It’s useful to step back from the dominant terms in political play to examine what’s really going on behind misleading language. An excellent if hardly novel case in point is the evocative phrase “Right to Work,” used by right-wing politicians like Michigan Governor Rick Snyder to provide friendly cover for legislation that viciously weakens workers’ political and economic power by permitting employees covered by union contracts and collective bargaining agreements to withhold union dues. The legislation (the latest state-level version was rammed through the Michigan state assembly two days ago over and against public opinion at the end of a lame-duck session) has nothing to do with granting anyone employment rights and everything to do with increasing the economic and political leverage of the employer class. [1]
Another case study in the Orwellian manipulation of language and the citizenry is the political drama surrounding the so-called fiscal cliff, which replaced the personalized quadrennial electoral extravaganza (Noam Chomsky’s excellent phrase[2]) as American mass media’s top leading domestic news story the day after the presidential election. Reflecting their common servility and allegiance to a highly organized and class-conscious section of the nation’s unelected dictatorship of corporate and financial power, the United States’ political and media class is outwardly obsessed with U.S. government debt – with “the deficit.”

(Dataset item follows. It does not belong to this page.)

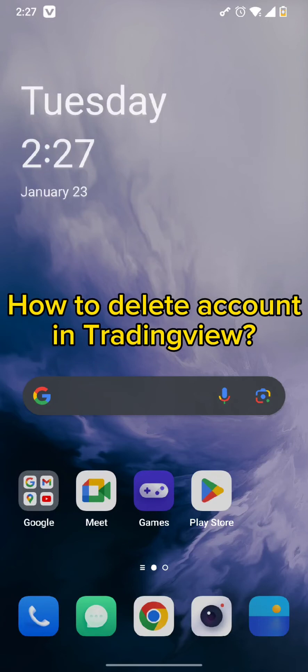Hello and welcome back to our channel. Today in this video we are going to discuss how to delete your account in TradingView. So without wasting much of our time, let's get straight into the video.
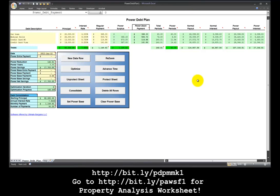This is video tutorial number 9 on the Powered Debt Plan Spreadsheet. My name is Jeffrey Smith. In this tutorial I want to build on the previous tutorial number 8 about the difference between good debt and bad debt.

The fiscal fixation is childish and irresponsible in a country plagued by mass unemployment, endemic job insecurity, and related widespread poverty. As numerous liberal economists citing Keynes and led by the Nobel laureates Paul Krugman and Joseph Stiglitz point out, deficit spending is required as a stimulus to recovery and deficits are overcome with the growth that follows. This occurred after World War II, when the deficit was much larger.
But that’s not all that gets lost in the current mass-mediated deficit mania. Let’s assume that “the deficit” is a genuine problem with grave long-term implications for the U.S. economy (i.e., crippling interest payments, loss of national sovereignty, and more). Two obvious solutions are to (1) cut U.S. “defense” (really empire, to make another counter-Orwellian correction) expenditures and (2) initiate serious health care reforms on the model of the health insurance systems that prevail in other industrial powers. The $1 trillion-a-year-plus Pentagon System, which accounts for nearly half the world’s military spending and supports more than 1000 military bases across more than 100 countries, makes up nearly half the deficit. It is a massive taxpayer-financed subsidy to high-tech global corporations (e.g. Boeing, General Electric, and Raytheon) that are highly proficient at the technical displacement and global out-sourcing of American jobs. At the same time, economist Dean Baker has shown that the mammoth medical cost reduction that would result from introducing Improved Medicare for All (basically single-payer health insurance on the model of Canada and other leading industrial states) would abolish the deficit and likely create a U.S. budget surplus.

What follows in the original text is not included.